Fulci hat zwar bessere Arbeiten auf dem Kerbholz, aber sicher auch weniger gute. Dieser ganz schotige Semi-Giallo tuckert im gehobenen Mittelmaß des maestro di sangue herum. Bravouröse Fotografie, nette Ideen, wie der Hund, der beim Spaziergang unter der Brooklyn Bridge die Hand apportiert, doch: Die schwergewichtete Psychologisierung der Figuren, die im verruchten Großstadtmoloch irgendwie irgendwo alle emotional pervertiert sind, haut nicht so ganz hin und lässt die ganze Angelegenheit bisweilen ziemlich albern erscheinen und verhindert dann doch eine klare Abgrenzung zum Allerwelts-Sleaze.

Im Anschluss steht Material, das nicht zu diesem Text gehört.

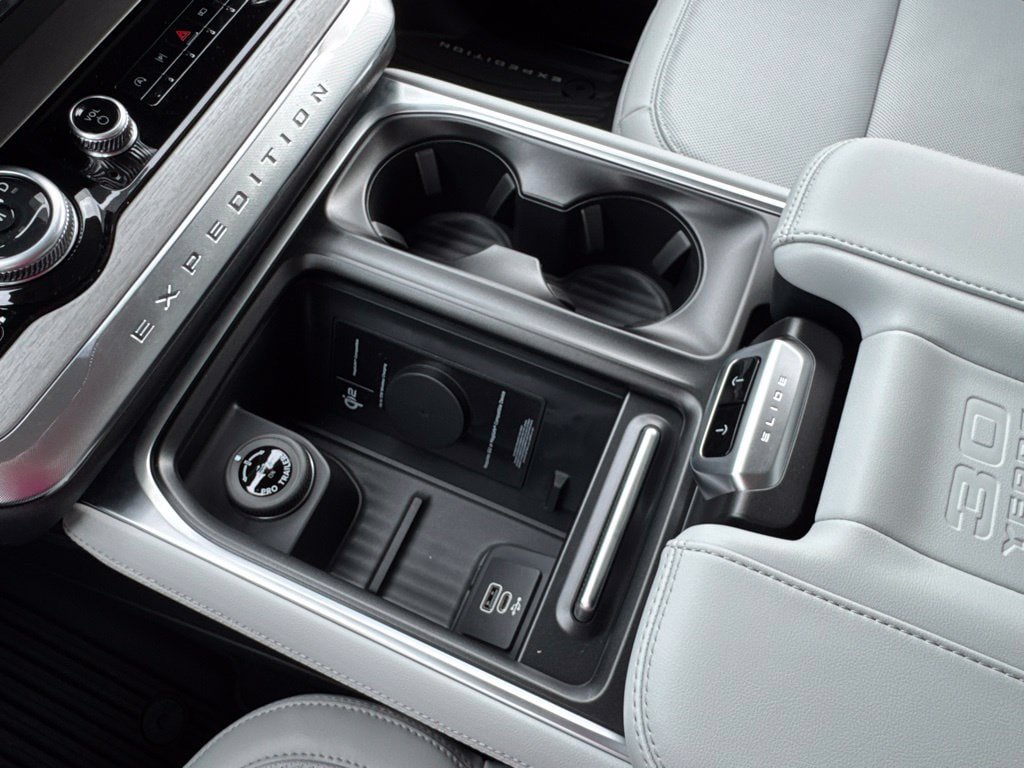 New 2027 Ford Expedition Platinum AWD/4WD image 23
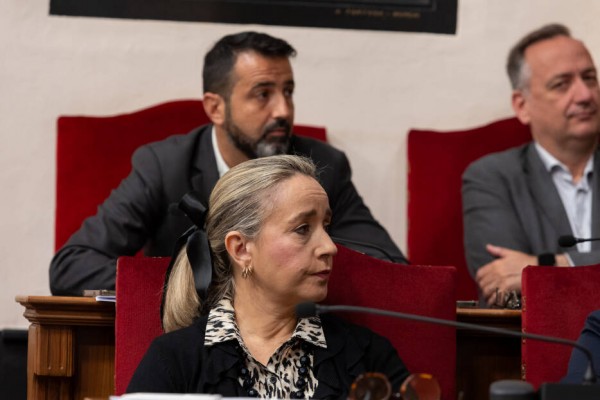 Acción Social en Elche desmiente al PSOE: asegura que han reducido listas de espera y crecido en personal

Ein reiches Ehepaar lebt seine Obsessionen aus, indem er (Cosimo Cinieri) sie (Alexandra Delli "Schamhaar" Colli) mit einem Diktiergerät bewaffnet allenthalben ins Halbwelt-Milieu entsendet, auf dass sie dort ihre lustvollen Abenteuer aufzeichne und diese ihrem Göttergatten vorspiele. Der ermittelnde Detective ist Stammgast bei einer Nutte (Daniela Doria), da er - man kann's nur mutmaßen - zu tieferen Beziehungen nicht in der Lage ist und der Psychodoc (so ein Ferkel) holt sich Schwulenmagazine am Eckkiosk. Um eine solche Galerie der Verworfenheiten zu toppen, muss der Schlitzer da ja fast schon klingen wie Donald Duck.